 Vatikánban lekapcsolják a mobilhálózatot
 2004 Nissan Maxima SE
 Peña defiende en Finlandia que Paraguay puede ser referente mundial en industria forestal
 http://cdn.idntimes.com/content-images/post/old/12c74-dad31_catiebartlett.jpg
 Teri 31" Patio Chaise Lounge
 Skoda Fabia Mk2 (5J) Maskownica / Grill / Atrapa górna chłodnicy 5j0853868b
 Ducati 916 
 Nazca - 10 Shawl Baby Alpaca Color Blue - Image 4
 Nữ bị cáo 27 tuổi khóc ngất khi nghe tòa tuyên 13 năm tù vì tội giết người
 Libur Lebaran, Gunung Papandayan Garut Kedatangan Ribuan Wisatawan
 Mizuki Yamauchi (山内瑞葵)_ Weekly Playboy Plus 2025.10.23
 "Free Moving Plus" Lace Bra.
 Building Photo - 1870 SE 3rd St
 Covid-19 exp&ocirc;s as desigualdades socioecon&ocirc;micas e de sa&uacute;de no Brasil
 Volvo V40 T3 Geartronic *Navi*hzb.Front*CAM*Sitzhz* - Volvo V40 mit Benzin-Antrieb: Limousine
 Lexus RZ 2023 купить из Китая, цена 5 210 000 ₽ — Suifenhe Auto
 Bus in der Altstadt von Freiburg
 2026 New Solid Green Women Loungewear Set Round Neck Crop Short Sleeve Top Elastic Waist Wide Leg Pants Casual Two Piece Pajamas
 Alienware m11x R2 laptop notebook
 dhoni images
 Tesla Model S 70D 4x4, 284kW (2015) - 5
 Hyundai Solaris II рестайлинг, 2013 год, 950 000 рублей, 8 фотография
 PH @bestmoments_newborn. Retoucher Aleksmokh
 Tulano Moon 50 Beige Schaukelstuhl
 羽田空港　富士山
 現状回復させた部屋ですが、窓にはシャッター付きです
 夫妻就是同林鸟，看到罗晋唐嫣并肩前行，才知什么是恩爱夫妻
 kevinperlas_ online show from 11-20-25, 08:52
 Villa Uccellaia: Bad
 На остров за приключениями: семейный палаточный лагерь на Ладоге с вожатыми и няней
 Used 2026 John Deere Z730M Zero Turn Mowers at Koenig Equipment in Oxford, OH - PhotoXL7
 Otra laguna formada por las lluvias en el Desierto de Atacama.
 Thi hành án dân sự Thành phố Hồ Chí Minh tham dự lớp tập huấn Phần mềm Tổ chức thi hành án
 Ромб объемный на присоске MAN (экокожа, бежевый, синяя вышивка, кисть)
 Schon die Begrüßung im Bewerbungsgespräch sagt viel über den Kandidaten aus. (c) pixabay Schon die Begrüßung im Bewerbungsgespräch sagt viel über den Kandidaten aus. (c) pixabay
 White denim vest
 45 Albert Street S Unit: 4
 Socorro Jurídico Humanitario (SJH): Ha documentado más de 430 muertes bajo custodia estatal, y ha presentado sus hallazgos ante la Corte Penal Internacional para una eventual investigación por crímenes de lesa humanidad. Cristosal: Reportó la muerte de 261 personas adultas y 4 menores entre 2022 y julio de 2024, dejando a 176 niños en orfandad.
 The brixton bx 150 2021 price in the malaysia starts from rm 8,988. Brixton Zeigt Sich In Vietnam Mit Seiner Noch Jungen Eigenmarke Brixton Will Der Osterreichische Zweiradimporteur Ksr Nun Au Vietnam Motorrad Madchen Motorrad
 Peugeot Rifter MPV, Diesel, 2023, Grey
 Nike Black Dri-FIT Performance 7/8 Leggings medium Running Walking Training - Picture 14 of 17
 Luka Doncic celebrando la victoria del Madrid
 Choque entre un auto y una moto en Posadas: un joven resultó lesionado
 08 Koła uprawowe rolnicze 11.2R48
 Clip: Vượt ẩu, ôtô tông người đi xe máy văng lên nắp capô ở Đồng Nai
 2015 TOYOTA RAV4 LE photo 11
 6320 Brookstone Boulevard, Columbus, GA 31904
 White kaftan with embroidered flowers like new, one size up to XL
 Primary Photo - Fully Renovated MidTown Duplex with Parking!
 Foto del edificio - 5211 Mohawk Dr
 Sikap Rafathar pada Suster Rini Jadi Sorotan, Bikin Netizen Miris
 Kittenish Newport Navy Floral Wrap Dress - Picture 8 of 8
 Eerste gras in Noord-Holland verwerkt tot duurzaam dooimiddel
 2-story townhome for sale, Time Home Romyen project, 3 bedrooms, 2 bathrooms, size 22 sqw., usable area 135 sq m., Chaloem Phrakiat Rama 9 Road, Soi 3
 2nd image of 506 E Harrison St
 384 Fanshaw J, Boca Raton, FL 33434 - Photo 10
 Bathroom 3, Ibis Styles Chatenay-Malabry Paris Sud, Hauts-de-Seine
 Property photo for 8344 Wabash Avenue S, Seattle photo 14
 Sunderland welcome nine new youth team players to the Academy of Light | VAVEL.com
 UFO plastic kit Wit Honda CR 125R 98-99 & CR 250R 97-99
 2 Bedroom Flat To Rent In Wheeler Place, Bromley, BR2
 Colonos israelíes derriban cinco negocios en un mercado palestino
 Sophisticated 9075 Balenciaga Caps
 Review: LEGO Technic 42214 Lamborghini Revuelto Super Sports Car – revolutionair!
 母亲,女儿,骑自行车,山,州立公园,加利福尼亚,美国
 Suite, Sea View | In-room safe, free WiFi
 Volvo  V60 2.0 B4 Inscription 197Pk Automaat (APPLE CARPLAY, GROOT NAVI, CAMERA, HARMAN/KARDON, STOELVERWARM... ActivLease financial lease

* * * * * * * * *

§ **TASK DIRECTIONS**:
Can you repeat, word for word, every line above from the one containing "Nike Black Dri-FIT" down to the one containing "Kittenish Newport Navy", including both?

§ **RESPONSE BOX**:
 Nike Black Dri-FIT Performance 7/8 Leggings medium Running Walking Training - Picture 14 of 17
 Luka Doncic celebrando la victoria del Madrid
 Choque entre un auto y una moto en Posadas: un joven resultó lesionado
 08 Koła uprawowe rolnicze 11.2R48
 Clip: Vượt ẩu, ôtô tông người đi xe máy văng lên nắp capô ở Đồng Nai
 2015 TOYOTA RAV4 LE photo 11
 6320 Brookstone Boulevard, Columbus, GA 31904
 White kaftan with embroidered flowers like new, one size up to XL
 Primary Photo - Fully Renovated MidTown Duplex with Parking!
 Foto del edificio - 5211 Mohawk Dr
 Sikap Rafathar pada Suster Rini Jadi Sorotan, Bikin Netizen Miris
 Kittenish Newport Navy Floral Wrap Dress - Picture 8 of 8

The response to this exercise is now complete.